With open roles still at astronomic levels, employers are making big bets on talent in the tight market. But overpaying now may have unintended consequences down the line, for both new and existing talent, especially in an environment where pay transparency is becoming the new norm (and mandated in some states).

“Employees today are very open about discussing their salaries, so any hopes of keeping your new offer confidential from your current staff are unrealistic,” says Anjela Mangrum, President of Mangrum Career Solutions. “When your existing workforce comes to know about newbies making almost as much as them after their years-long tenure at your firm, they'll start reassessing the value of their seniority and skills.”

She’s seen many employers who focus so intently on attracting new talent with high salaries or other compensation elements like equity and bonuses, only to end up with retention issues among their current staff. It can be worth budgeting in retention bonuses for existing employees in order to ease the disparity.

The decision to pay big bucks to a fresh hire now can also backfire during performance review season. “New employees want to get promoted within a year or they're off to the next,” says Michelle Volberg, Chief Executive Officer at Giledan Search. “By overpaying them from the start, you'll be overpaying them forever just to keep mediocre talent at best.” This can also lead to a culture where work ethic isn’t as highly valued since comp is so high out the gate, and the business can suffer as a result.

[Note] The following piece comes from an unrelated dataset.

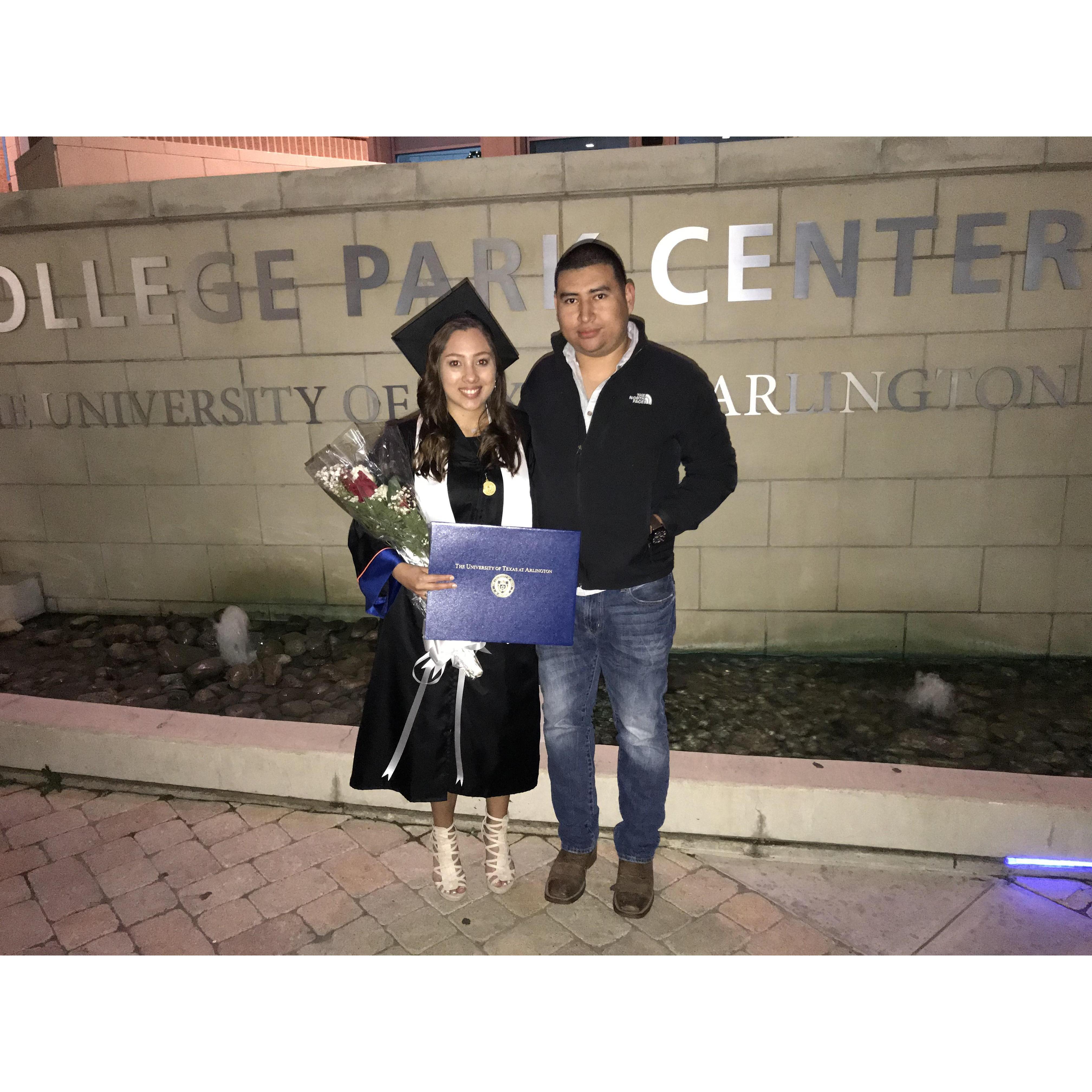She finally did it! She graduated nursing school! One of the biggest accomplishments of her life!
December 2017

Staying on top of market rates remains key in a volatile economy, keeping in mind both historical, current, and projected market rates. “Employers should penny up for talent, but talent shouldn't overtax,” says Volberg. She advises her clients to set strict salary boundaries, knowing where you’re willing to go, and where you refuse to go when it comes to compensation conversations, and make sure to stick to it. “Some clients are still shelling out for talent, but the really smart ones stick to their guns and still get the best candidate.”

Compensation in the current market is fluid and fluctuating, so accurate data matters more than ever, as well as projections and long-term strategies for potential downturns ahead. “Make sure your team and budget are in place to handle any market, not just the current one,” says Volberg. “That's the secret to scaling. At least that's what some founders have told me who run billion-dollar companies. They don't overpay.”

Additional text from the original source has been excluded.